Mercy is such an essential part of God’s character that it is even one of His Names. He’s the Father of Mercies. Paul describes Him: “Blessed be God, even the Father of our Lord Jesus Christ, the Father of mercies, and the God of all comfort; Who comforteth us in all our tribulation, that we may be able to comfort them which are in any trouble, by the comfort wherewith we ourselves are comforted of God. (2 Corinthians 1:3-4).

Is the God of all comfort comforting you?
Do you appreciate His mercy?
Do you see His hand in the trials you are going through?
Can you sing praises to Him from your cave?


In contradiction to our society’s beliefs, the Bible teaches us that our hearts are not formed by our circumstances or environment. Instead it teaches that our environment merely reveals what already fills our hearts. This is what Jesus meant when He said that it wasn’t what was outside a man that defiled him but rather what came from within him.

Mark 7: 18 “And he saith unto them, Are ye so without understanding also? Do ye not perceive, that whatsoever thing from without entereth into the man, it cannot defile him;
19 Because it entereth not into his heart, but into the belly, and goeth out into the draught, purging all meats?
20 And he said, That which cometh out of the man, that defileth the man.
21 For from within, out of the heart of men, proceed evil thoughts, adulteries, fornications, murders,
22 Thefts, covetousness, wickedness, deceit, lasciviousness, an evil eye, blasphemy, pride, foolishness:
23 All these evil things come from within, and defile the man.

When God places us in the cave let us turn our thoughts towards Him in prayer and praise and search our hearts for anything that shouldn’t be there. We could ask ourselves, “What do the caves in our life tell us about our heart?” The things that come out of us, our words, our deeds, even our thoughts towards those who may have wronged us, all these things lay our hearts open to reveal what is in it.

What benefits are awaiting us as God faithfully and lovingly afflicts and humbles us. He’s making us the sort of person He delights in. As He afflicts us we see the things in our heart that shouldn’t be there. As we see these things, we’re crushed and abased, and we recognize our need for Him, and we cry out for mercy. It’s then He revives, encourages, loves, comforts, changes, and fellowships with us.

When David wrote this Psalm, he was probably in the cave of Adullum. As he was sitting there in the dark, both literally and figuratively, I’m sure he didn’t know what would happen in his future. His sling and harp and good looks could not deliver him. He didn’t have any guarantee that he’d even make it out of that cave. I can imagine that it probably seems the same way to many of us. Is this cave going to be my final resting place?

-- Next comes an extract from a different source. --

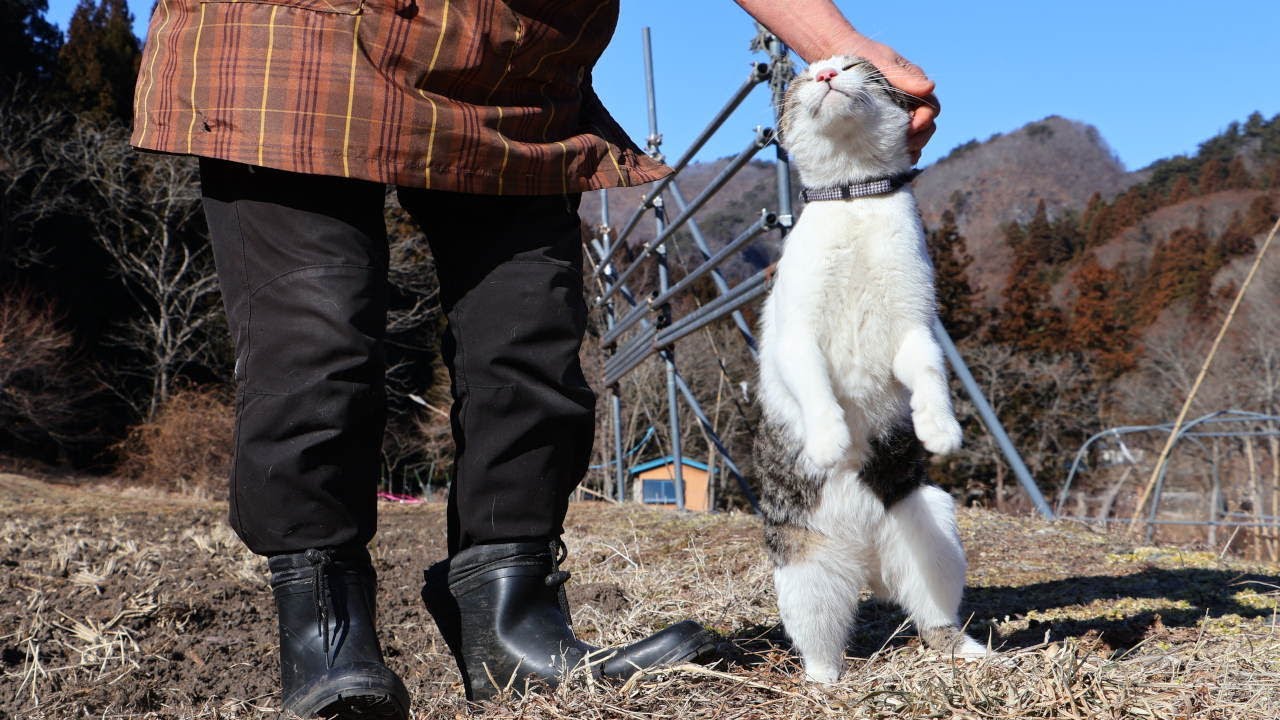 さばじろう散歩 Walk with the cat 260206 - YouTube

I think of John the beloved disciple, cast on the Isle of Patmos, away from friends and those he loved, a prisoner, a slave, lonely, and without human help. He was the one who was so close to the Lord, leaning on His breast at the last supper. Yet it was in the cave, so to speak, of Patmos that John received the Revelation of Jesus Christ. It was there that he saw heaven in all of its glory. So it is with us, it’s in the dark cave that Jesus reveals Himself to us.

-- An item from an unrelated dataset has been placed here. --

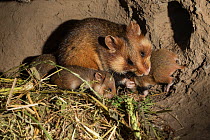 European hamster (Cricetus cricetus) adult female in burrow with young, captive.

John was one of “the son’s of thunder,” wanting to call fire down on a city that rejected Jesus. But after his “cave” experience at Patmos he wrote 1st 2nd and 3rd John and his main topic was, “Little children love one another” 1 John 3:11. What a change the “caves” of life’s experiences have wrought in our own lives.

Although David didn’t know whether he’d make it out of this cave or not, we know the end of the story. In actually, the cave of Adullum is only about two miles south of Gilboa, the place where God brought Saul to his death. Think of that. The very place that seemed like it might end up being his grave was so near the place of his exaltation. He just was not aware of it… and God didn’t reveal it to him at the time.

The same way, we don’t know what’s just ahead of us because God isn’t revealing that to us either, so that we will remain humble and contrite and close to Him.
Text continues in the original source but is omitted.